Weaver Chris S, Leonardi-Bee Jo, Bath-Hextall Fiona J, Bath Philip M W
Institute of Neuroscience, University of Nottingham, UK.
Stroke. 2004 May;35(5):1216-24. doi: 10.1161/01.STR.0000125010.70652.93. Epub 2004 Mar 18.
Only a few randomized controlled trials in acute stroke have shown a treatment-related benefit. Inadequate trial design, especially low sample size, may partly explain this failure. We investigated sample size calculations (SSCs) in a systematic review of acute stroke trials.

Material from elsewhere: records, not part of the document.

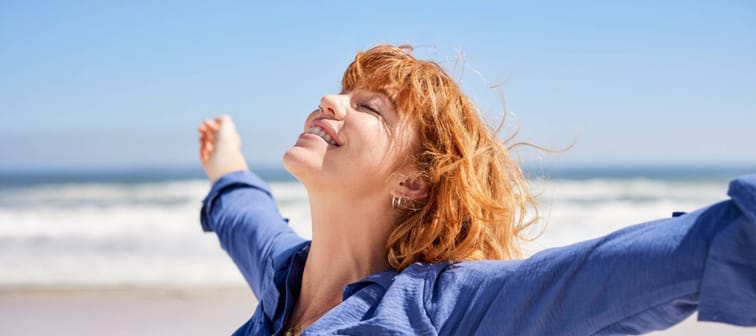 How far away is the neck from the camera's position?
211 centimetres

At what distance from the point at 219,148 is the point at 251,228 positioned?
0.70 m

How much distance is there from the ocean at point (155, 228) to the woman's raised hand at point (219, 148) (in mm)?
1473

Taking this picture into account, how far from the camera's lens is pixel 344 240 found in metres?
2.14

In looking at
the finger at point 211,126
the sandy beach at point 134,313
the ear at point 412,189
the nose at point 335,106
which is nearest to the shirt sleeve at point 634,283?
the ear at point 412,189

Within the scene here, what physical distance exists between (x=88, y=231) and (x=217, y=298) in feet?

Full reports of nonconfounded randomized controlled trials that recruited patients within 1 week of stroke onset and were published before the end of 2001 were identified from the Cochrane Library and other bibliographic databases. Information on the SSC and outcome event rates was collected for each trial.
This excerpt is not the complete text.